According to section 301 of the Sarbanes Oxley Act 2002, it is required by the Audit Committee of the DANAOS Corporation (the "Company"): Each audit committee shall establish procedures for "the receipt, retention, and treatment of complaints received by the issuer regarding accounting, internal accounting controls, or auditing matters" and "the confidential, anonymous submission by employees of the issuer of concerns regarding questionable accounting or auditing matters".

1. Scope. The Ethics & Compliance Policy relates to concerns or complaints relating to any accounting issues that may raise concern. A list of such issues, but not limited are the following:
• Malpractice and misappropriation of resources or use of company's resources for personal gain or advantage.
• Intentional misinterpretation or falsification of accounting records and financial statements.
• Override of internals controls.
• Non-Compliance with laws and regulatory schemes.
• Theft or improper use of Company's assets and resources by people who are not employed by the Company.

The above types of management, employee and external fraud is not exhaustive, but it presents an indication of the potential issues, that if they are reported in good faith, should be evaluated and investigated appropriately.

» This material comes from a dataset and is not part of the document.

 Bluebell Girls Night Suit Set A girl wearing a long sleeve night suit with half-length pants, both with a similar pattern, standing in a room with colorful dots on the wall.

2. Addressing Complaints. The Audit Committee is ultimately responsible to receive, retain, examine and act on complaints submitted by employees related but not limited to:
• Employment of accounting policies that raise concerns over their accuracy, consistence and effectiveness.
• Misappropriation of assets.
• Falsification of accounting records and financial reports.
• Non-compliance to applicable laws and regulations.
• Harassment against those who raise the above concerns.

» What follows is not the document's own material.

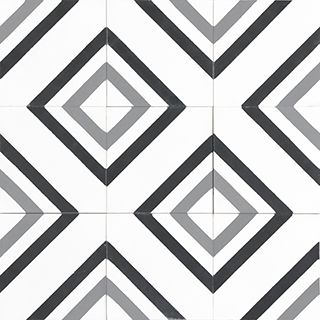 a black and white tiled floor with an abstract design in the shape of diamond shapes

The complaints are submitted via the Ethics & Compliance Policy link, which is available to all employees on the web site of the Company. The complaints regarding accounting and auditing matters, internal controls and financial statements and disclosures are ultimately received by the Audit Committee

3. Protection.

The Audit Committee shall not retaliate, and shall not tolerate any retaliation by management or any other person or group, directly or indirectly, against anyone who, in good faith, makes an Accounting Allegation or Legal Allegation, reports a Retaliatory Act or provides assistance to the Audit Committee, management or any other person or group, including any governmental, regulatory or law enforcement body, investigation a Report.


Employees who submit their concerns preserve their anonymity and the Company should treat all communications in a confidential manner.

4. Treatment of Complaints. According to section 301 of the Sarbanes Oxley Act 2002, it is required by the Audit Committee of the DANAOS Corporation (the "Company"):
" The Audit Committee shall have the authority to engage independent counsel and other advisers, as it determines necessary to carry out its duties. The Company shall provide for appropriate funding, as determined by the audit committee, in its capacity as a committee of the board of directors, for payment of compensation."

The Audit Committee shall determine if the Company or external investigator should undertake the investigation of the issues submitted. The level of details of the inquiries and the communication to be carried out should be determined on a case by case and the report should be submitted to the Audit Committee.

5. Retention of Complaints and Investigations. The Audit Committee and/or the Compliance Officer appointed by the Board of Directors of Danaos Corporation shall maintain a log of all complaints, tracking their receipt, investigation and resolution and shall prepare a summary report, periodically, to the Board of Directors.

The Audit Committee and/or management shall maintain records of all steps taken in connection with any investigation of a Report including investigation of Reports that are found to be unsubstantiated. Such records will be retained for a period of five years.